* ABOUT THIS TASK
Print the line that contains "I Wear White" and every line after it through the last line of the records below, exactly as written and nothing else.

━━━━━━━━━━━━━━━━━━━━━━━━━━━━━━

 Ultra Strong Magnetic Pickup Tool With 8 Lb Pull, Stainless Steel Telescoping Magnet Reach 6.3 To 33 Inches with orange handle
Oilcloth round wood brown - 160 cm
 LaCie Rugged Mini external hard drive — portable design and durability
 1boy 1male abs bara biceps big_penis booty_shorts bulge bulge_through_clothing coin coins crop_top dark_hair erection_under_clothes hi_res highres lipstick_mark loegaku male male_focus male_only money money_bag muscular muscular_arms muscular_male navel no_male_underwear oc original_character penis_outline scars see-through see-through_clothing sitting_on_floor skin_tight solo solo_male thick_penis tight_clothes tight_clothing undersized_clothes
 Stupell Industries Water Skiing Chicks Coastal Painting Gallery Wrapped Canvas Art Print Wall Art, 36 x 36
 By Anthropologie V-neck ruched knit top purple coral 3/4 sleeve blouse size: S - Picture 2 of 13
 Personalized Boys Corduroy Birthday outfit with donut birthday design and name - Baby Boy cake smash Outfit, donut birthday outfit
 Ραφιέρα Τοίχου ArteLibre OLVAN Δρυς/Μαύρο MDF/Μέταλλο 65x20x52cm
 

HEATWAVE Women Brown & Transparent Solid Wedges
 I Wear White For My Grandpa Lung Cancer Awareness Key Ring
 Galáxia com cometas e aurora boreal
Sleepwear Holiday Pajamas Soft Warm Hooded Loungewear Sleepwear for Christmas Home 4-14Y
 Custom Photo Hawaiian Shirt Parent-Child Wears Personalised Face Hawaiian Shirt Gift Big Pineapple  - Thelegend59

━━━━━━━━━━━━━━━━━━━━━━━━━━━━━━

* EXERCISE ANSWER
 I Wear White For My Grandpa Lung Cancer Awareness Key Ring
 Galáxia com cometas e aurora boreal
Sleepwear Holiday Pajamas Soft Warm Hooded Loungewear Sleepwear for Christmas Home 4-14Y
 Custom Photo Hawaiian Shirt Parent-Child Wears Personalised Face Hawaiian Shirt Gift Big Pineapple  - Thelegend59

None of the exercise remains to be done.